The convicted journalists are publisher Cheung Kim-hung, associate publisher Chan Pui-man, editor-in-chief Ryan Law, executive editor-in-chief Lam Man-chung, executive editor-in-chief responsible for English news Fung Wai-kong and editorial writer Yeung Ching-kee.
The two activists convicted in the case, Andy Li and Chan Tsz-wah, also testified for the prosecution.
Before sunrise, dozens of people stood in line outside the court building to secure a seat in the courtroom.
Former Apple Daily employee Tammy Cheung said she could only support them spiritually by seeing them. Cheung hoped the defendants will be released from prison soon, saying it would be great if they could reunite with their families before the Lunar New Year next week.

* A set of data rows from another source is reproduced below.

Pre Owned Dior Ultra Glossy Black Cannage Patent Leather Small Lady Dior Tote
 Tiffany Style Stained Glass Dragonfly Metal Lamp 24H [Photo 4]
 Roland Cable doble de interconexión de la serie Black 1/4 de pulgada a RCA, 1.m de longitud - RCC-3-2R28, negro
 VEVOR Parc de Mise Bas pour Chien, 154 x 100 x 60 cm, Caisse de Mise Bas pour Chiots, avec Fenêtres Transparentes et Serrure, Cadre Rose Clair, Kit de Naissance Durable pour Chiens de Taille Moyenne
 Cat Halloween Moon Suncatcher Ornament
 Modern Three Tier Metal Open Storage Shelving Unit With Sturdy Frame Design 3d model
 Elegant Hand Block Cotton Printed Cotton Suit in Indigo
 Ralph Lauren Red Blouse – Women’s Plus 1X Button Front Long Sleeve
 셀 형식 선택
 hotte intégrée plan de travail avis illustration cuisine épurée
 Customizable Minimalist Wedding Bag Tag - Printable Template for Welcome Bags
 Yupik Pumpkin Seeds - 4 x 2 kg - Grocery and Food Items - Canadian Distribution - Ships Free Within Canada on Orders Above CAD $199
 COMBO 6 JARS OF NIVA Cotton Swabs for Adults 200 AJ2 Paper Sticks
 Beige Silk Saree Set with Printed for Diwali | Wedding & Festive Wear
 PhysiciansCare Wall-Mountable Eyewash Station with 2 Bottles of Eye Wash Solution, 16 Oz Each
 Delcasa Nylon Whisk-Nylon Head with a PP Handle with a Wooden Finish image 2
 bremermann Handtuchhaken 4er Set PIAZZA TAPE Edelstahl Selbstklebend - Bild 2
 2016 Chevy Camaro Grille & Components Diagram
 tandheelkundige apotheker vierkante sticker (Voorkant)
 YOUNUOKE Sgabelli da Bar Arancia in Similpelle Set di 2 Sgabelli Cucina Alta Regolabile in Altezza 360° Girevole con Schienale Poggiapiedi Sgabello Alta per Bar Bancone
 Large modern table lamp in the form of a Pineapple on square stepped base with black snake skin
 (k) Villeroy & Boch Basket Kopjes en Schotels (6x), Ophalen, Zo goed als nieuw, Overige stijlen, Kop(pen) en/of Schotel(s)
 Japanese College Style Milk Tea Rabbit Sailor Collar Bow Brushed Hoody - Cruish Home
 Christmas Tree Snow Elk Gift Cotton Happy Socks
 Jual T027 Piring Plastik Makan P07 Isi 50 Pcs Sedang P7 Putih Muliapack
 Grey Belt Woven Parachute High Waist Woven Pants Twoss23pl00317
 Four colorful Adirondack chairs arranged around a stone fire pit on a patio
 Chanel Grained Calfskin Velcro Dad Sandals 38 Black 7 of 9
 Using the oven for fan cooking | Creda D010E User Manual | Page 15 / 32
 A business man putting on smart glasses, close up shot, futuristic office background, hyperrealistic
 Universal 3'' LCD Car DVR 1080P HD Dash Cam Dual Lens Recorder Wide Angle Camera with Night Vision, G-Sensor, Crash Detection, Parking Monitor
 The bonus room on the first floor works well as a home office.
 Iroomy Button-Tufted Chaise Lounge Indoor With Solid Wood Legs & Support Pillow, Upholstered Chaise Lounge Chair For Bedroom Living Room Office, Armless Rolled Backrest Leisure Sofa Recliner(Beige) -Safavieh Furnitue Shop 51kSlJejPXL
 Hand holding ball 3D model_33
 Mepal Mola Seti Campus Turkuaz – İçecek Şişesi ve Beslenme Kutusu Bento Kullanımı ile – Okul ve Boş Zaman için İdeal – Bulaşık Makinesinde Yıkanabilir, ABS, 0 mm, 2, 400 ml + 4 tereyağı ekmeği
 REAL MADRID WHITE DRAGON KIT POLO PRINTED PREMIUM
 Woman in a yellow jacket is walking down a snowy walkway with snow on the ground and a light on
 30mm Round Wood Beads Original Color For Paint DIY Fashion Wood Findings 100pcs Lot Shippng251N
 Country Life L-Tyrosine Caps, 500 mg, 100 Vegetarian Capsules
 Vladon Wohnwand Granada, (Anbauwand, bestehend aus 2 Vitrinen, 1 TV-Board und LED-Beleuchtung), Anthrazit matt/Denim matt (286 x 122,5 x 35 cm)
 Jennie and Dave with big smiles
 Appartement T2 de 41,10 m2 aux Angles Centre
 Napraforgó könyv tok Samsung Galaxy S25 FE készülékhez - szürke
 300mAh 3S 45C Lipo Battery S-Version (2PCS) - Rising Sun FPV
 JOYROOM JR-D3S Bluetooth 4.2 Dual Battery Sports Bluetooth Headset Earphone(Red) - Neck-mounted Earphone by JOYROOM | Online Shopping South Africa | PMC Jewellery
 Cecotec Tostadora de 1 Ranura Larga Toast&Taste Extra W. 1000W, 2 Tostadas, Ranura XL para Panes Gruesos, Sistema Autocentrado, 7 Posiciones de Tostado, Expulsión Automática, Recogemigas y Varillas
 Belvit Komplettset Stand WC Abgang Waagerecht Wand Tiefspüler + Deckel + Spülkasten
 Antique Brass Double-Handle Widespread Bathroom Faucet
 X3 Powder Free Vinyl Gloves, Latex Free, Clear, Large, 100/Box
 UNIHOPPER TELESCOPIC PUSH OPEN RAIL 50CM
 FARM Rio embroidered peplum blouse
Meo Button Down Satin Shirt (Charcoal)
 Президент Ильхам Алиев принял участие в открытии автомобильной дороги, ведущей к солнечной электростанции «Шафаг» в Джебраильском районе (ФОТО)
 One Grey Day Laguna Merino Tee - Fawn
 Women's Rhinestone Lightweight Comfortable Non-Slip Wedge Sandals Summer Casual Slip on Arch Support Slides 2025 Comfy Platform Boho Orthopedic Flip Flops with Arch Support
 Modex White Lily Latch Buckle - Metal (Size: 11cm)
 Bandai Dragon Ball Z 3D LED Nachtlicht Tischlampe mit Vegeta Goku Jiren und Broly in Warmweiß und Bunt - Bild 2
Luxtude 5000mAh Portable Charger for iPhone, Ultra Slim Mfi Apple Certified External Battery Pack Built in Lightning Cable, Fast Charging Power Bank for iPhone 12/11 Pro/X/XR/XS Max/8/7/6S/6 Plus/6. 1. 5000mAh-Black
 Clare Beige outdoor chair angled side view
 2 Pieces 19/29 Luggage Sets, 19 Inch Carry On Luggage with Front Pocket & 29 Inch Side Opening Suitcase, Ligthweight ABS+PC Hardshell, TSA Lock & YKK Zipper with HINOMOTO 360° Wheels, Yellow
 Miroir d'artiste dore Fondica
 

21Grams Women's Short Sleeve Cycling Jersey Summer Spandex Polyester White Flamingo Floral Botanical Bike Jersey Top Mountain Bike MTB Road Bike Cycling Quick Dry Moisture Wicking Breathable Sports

“Whatever happens, it’s an end — at least we’ll know the outcome,” she said.
Case considered a blow to Hong Kong media
Lai founded Apple Daily in 1995, two years before Hong Kong returned to Chinese rule after 156 years as a British colony. The publication drew a strong following with reports that were occasionally sensational, investigative scoops and short, animated video reports. Articles supporting the city’s democracy movement, including anti-government protests that rocked the city in 2019, attracted many pro-democracy readers.
In 2022, Hong Kong plunged 68 places to 148th out of 180 territories in the press-freedom index compiled by media freedom organization Reporters Without Borders. The city’s latest ranking was 140th, far from 18th place in 2002.
Amnesty International said the sentence marked “another grim milestone” for Hong Kong.
“Imprisoning a 78-year-old man for doing nothing more than exercising his rights shows a complete disregard for human dignity,” Sarah Brooks, Amnesty’s deputy regional director, said.